Partially easing United Nations sanctions on Serbia could help solidify the apparent rift between the Bosnian Serbs and their patrons in Belgrade. But before any easing of sanctions, the international community must be sure that Mr. Milosevic's change of policy is genuine. After orchestrating more than two years of war, he needs to demonstrate his peaceful intent by making three specific, verifiable commitments.
First, the Bosnia-Yugoslavia border must remain closed to all goods except those exempted by the five-nation so-called contact group. Given Milosevic's record of duplicity, strict international monitoring of the border is essential. To modify an all too familiar Russian saying, ``Mistrust - so verify.''
Second, the Serbian government must end repression in minority-populated regions in Serbia proper. In Kosova, in particular, the situation could explode at any moment and could lead to a wider Balkan war.
Serbia needs to reduce its police and military presence in those regions, cease human rights abuses, and remove individuals associated with ``ethnic cleansing'' campaigns. Again, international monitoring - such as an expanded version of a mission of the Conference on Security and Cooperation in Europe that was expelled last year - would be required to verify compliance.
Third, Serbia must agree to cooperate fully with the International War Crimes Tribunal in The Hague and must hand over any suspects. In order for reconciliation to take place once the war has ended, all ethnic groups need to have full confidence in an even-handed process of justice.
This three-pronged strategy would have considerable reward:
* It would demonstrate to the Serbian people that there are tangible benefits to peace and cooperation with the international community and encourage political moderation within Serbia. Diminished extremism in Serbia would promote long-term stability in the Balkans.
* It would give an economic boost to the formerly Communist-led states bordering Serbia, which have suffered trade losses because of international sanctions. Economic gains by these countries could help prevent the rise to power of nationalistic demagogues.
* Most important, it would pressure the Bosnian Serbs to abandon their opposition to the contact-group peace plan by severing their lifeline to Serbia.
On the other hand, few risks are associated with this strategy. In the worst case, Serbia will reject these conditions. The contact-group countries should then press ahead with a rigorous economic blockade of Serbia, as they discussed earlier this month.
Sanctions were placed on Serbia for a good reason. There is clear evidence of Serbia's direct involvement in the war and ``ethnic cleansing'' in Bosnia. If that involvement has indeed ended, then the most important underlying reason for the sanctions will have vanished.
However, Serbia cannot absolve itself for atrocities committed in Bosnia. Even as the UN eases sanctions in return for Serbian cooperation, it should not wholly eliminate sanctions until a peace agreement is fully implemented.
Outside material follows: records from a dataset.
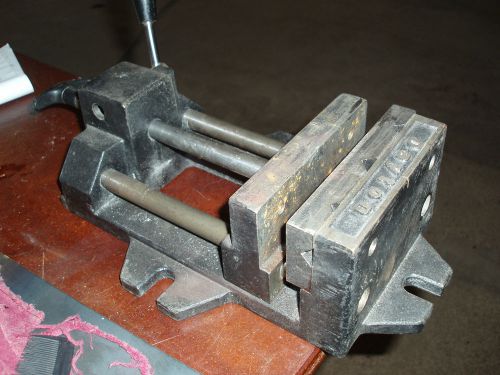Dayton vise 6 inch milling machine vise quick release for sale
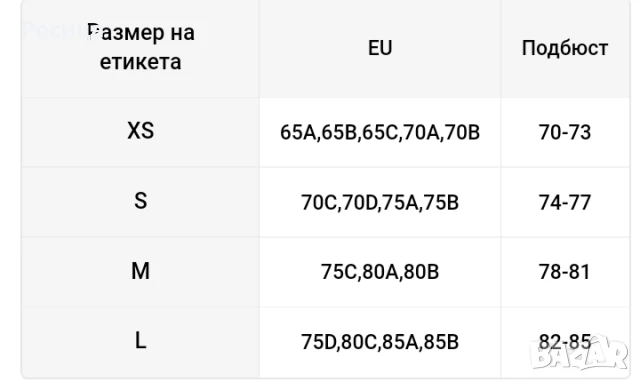 Дамски комплект бельо S размер, снимка 5 - Бельо - 50573934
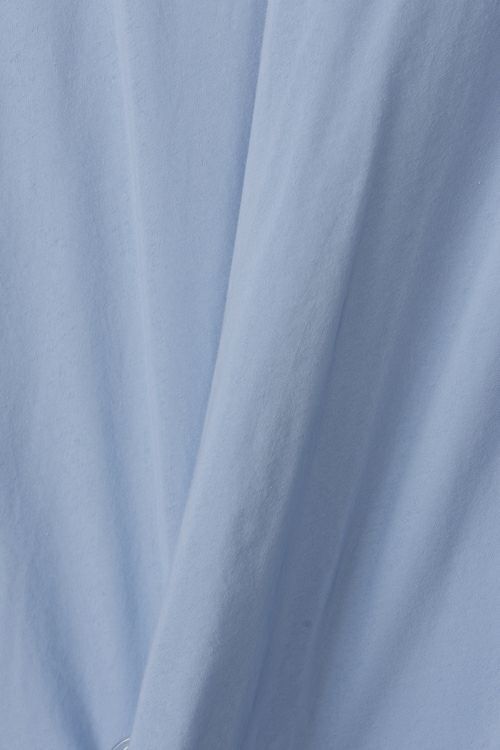 【25SS】SHEF OPEN SHOULDER T-SHIRT / オープンショルダーTシャツ (サックス)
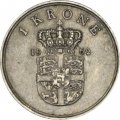 Дания 1 крона 1962 год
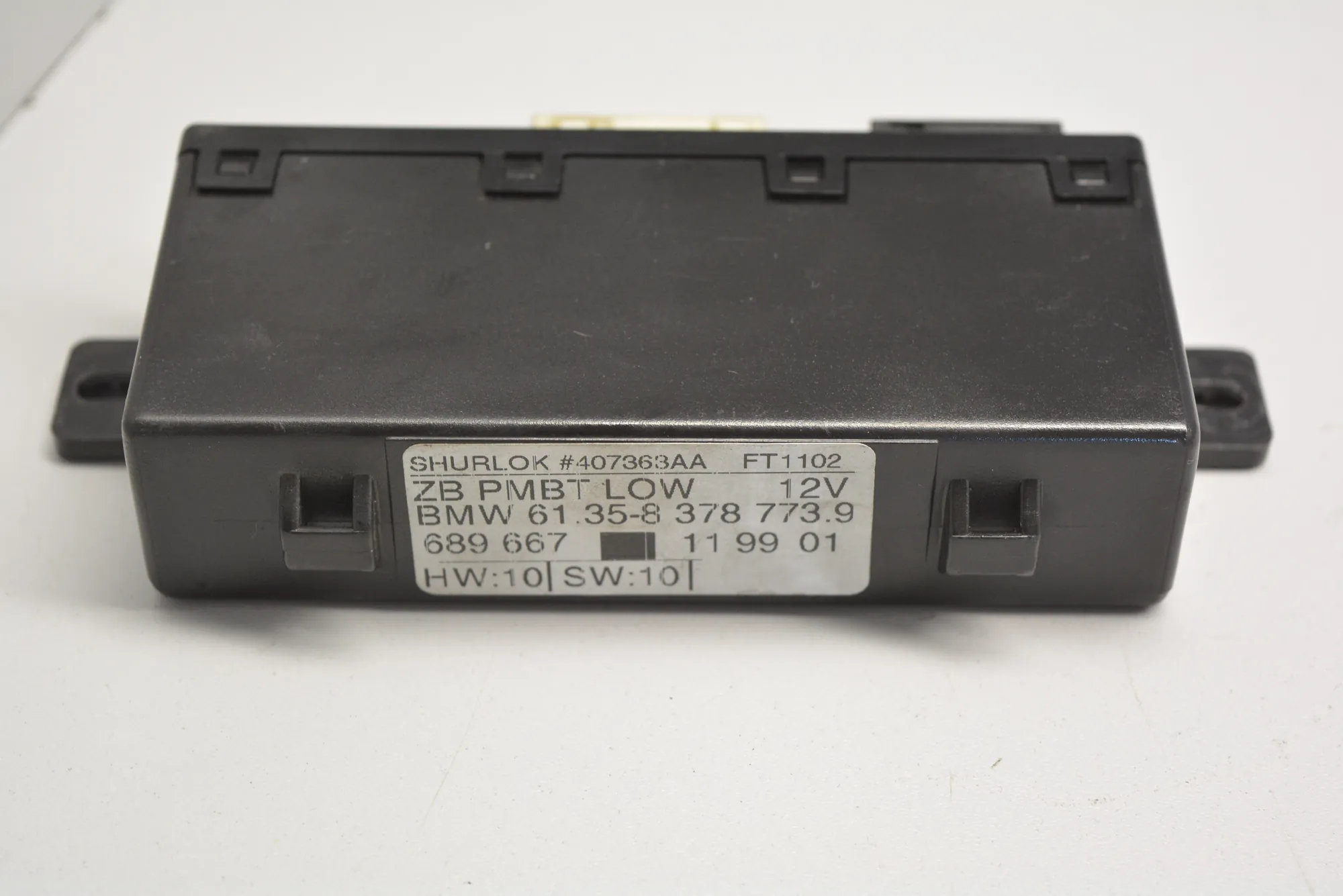 Rear Left Door Control Unit – OEM 8378773 · BMW 5 (E39) 530 d 1999 – 6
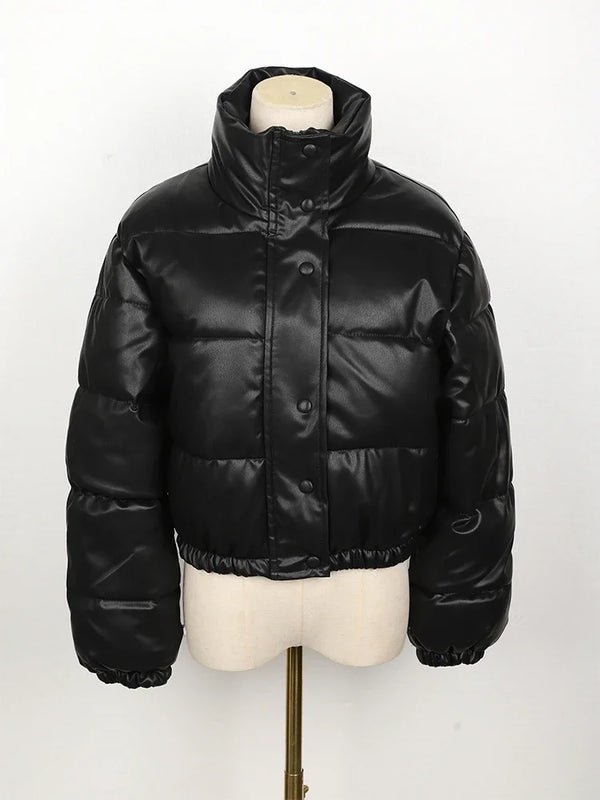 PU Leather Jacket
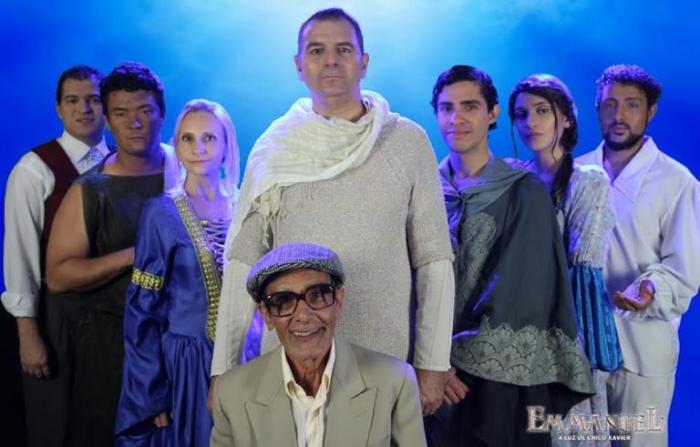 Emmanuel, a luz de Chico Xavier tem apresentação domingo em Mauá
If Serbia violates any of its commitments, then sanctions should be reimposed and tightened immediately.
It would cost far more to do nothing than to try a new approach that is consistent with our fundamental goals. A continued failure to achieve peace in the Balkans could lead to wider regional instability, a split within NATO, and perhaps a confrontation with Russia. That would squander the security it took nearly 50 years of the cold war to gain.
If we can foster Serbian moderation, we can achieve a Bosnian settlement that finally ends an insidious, continuing threat to European stability.